Quizás… sea esa la manera que tiene la existencia de mostrarnos cómo afectaron al mundo nuestras viejas pautas, nuestros viejos condicionamientos… sobre los que construimos nuestro particular y siempre limitado concepto de la vida.

 

El mapa de la Memoria Inconsciente, confeccionado en su vertiente de signos y casas como reflejo del mapa tropical y situando los arquetipos planetarios en correlación directa con la precesión de los equinoccios, pero en sentido inverso, nos permite identificar la forma particular que tenemos de entender e interpretar los distintos arquetipos, ayudándonos a reconstruir nuestro “viejo” mito personal. Aquello que, inconsciente y compulsivamente, volveremos a intentar construir (repetir), para así poder seguir “alimentándonos” de aquello que, creemos, es imprescindible para nuestra supervivencia; de aquello que, creemos, es lo que le da sentido a nuestra “realidad”.

 

“Como actores que interpretan los papeles según el guión que les han entregado entre bastidores, generalmente ignoramos que estamos exhibiendo unos sentimientos que ya pusimos en marcha en el distante pasado – a veces en vidas anteriores – e ignoramos así mismo las fuerzas cíclicas ocultas que a menudo provocan sus frutos. Ser conscientes de esos guiones kármicos es el primer paso para aprender a transcenderlos”

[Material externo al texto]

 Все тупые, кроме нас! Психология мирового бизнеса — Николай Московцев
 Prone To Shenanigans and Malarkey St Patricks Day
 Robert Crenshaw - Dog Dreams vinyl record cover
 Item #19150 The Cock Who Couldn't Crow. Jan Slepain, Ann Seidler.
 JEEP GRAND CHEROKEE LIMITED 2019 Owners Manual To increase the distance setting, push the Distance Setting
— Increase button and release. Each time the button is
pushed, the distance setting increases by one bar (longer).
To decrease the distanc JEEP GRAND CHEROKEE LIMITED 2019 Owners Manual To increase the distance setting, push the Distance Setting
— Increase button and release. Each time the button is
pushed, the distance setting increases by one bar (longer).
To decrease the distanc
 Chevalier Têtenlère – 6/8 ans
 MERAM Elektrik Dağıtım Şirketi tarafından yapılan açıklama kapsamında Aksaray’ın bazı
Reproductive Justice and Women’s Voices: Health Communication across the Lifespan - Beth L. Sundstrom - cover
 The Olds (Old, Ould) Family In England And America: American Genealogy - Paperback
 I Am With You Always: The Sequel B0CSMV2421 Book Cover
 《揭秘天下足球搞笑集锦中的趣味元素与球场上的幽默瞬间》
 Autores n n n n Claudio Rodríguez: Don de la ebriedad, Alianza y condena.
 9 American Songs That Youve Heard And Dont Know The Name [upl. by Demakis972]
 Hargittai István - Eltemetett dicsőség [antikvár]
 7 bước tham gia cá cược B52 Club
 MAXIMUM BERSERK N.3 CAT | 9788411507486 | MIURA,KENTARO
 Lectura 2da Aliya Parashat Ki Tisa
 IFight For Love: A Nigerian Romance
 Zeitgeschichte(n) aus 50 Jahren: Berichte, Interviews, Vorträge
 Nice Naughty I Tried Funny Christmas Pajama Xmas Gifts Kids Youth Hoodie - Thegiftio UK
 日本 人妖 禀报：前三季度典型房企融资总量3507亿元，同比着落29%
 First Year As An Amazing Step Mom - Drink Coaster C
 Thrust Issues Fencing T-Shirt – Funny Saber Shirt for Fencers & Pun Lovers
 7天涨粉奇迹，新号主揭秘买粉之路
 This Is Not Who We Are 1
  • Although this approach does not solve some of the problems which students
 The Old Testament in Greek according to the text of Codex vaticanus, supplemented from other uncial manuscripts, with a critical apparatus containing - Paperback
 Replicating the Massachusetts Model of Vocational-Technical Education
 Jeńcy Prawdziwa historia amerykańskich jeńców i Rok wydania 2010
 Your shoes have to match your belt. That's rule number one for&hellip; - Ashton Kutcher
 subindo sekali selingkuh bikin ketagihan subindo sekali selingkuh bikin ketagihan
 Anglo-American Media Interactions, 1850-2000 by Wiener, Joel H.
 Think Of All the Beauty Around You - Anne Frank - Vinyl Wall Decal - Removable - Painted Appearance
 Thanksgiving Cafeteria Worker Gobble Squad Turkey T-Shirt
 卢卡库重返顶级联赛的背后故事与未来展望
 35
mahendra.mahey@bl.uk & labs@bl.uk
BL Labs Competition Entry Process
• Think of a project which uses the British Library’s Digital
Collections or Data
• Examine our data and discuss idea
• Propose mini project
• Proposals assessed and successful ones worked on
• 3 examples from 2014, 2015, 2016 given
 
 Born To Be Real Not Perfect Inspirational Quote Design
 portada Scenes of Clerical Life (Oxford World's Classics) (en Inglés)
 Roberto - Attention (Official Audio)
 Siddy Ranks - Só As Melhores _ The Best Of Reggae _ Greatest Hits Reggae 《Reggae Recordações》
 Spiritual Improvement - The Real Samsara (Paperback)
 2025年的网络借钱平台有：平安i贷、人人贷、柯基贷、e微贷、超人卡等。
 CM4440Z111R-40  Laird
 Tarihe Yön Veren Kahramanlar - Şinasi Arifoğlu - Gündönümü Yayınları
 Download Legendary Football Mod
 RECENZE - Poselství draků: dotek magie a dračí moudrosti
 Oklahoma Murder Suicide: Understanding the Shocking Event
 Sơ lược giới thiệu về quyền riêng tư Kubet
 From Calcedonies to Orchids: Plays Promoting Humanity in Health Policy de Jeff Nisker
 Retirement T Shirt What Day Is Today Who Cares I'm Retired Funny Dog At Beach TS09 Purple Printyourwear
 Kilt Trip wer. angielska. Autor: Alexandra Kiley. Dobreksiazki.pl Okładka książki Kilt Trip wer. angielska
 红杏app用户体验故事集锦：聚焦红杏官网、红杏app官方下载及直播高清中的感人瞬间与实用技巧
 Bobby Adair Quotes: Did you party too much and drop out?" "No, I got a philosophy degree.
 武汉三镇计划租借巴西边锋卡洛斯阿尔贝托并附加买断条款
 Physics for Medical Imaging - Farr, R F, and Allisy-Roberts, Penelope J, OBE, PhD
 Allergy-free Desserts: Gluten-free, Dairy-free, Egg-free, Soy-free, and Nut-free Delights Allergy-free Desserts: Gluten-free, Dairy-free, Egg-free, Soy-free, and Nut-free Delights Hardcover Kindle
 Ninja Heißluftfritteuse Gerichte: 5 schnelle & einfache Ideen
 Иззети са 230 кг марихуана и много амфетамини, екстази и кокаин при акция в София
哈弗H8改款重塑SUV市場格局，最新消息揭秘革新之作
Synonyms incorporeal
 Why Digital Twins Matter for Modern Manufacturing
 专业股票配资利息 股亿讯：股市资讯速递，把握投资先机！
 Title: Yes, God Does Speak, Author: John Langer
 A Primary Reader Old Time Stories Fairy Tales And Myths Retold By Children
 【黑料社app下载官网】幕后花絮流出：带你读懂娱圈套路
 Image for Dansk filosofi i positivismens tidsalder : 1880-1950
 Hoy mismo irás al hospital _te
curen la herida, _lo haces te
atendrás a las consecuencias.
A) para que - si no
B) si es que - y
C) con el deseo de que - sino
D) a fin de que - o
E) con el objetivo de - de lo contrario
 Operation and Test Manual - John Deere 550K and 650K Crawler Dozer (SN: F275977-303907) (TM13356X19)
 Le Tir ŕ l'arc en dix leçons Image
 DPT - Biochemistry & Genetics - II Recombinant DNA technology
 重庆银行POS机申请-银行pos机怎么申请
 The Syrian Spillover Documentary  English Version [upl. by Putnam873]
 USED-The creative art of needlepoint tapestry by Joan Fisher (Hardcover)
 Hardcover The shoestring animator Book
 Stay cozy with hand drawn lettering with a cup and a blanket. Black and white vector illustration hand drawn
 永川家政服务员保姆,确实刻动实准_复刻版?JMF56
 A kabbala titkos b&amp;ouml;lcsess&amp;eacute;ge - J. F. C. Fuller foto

 Ray Grasse Soñar despierto (Edit. Abraxas)

 

Todos tenemos tendencia a repetir la “memoria”. Todos tenemos tendencia, en definitiva, a repetir lo que ya conocemos, pero…, posiblemente, para encontrarnos en nuestro recorrido a personas (espejos), circunstancias…, que nos ayudarán a “recordar” que esa realidad nos guía hacia el encuentro con nuestro self interior (Mapa Sideral), pero en absoluto nos identifica con él.

 

La Astrología Sideral podría ser llamada “astrología cósmica”. Sus signos son las constelaciones estelares. Su zodíaco mide la relación entre nuestro sistema solar, las estrellas fijas y la galaxia misma.

Se sugiere la observación de éste, como un “mapa” de potencialidades energéticas, como un elemento imprescindible de orientación, hacia donde iría encaminada nuestra alma en su proceso de evolución. En otro sentido, la podríamos definir como la referencia más precisa de nuestro self interior. Nos guiaría en el proceso de “reencuentro” con nuestra esencia individual.

 

Para un verdadero despliegue de nuestro Ser, no solo deberíamos ser conscientes de nuestro carácter, nuestra personalidad (sistema tropical), de las pautas inconscientes que lo condicionan y determinan (memoria inconsciente), sino también encaminarnos hacia la búsqueda consciente de nuestras verdaderas y profundas motivaciones y propósitos (sistema sideral) para el anhelado e inevitable reencuentro con nosotros mismos.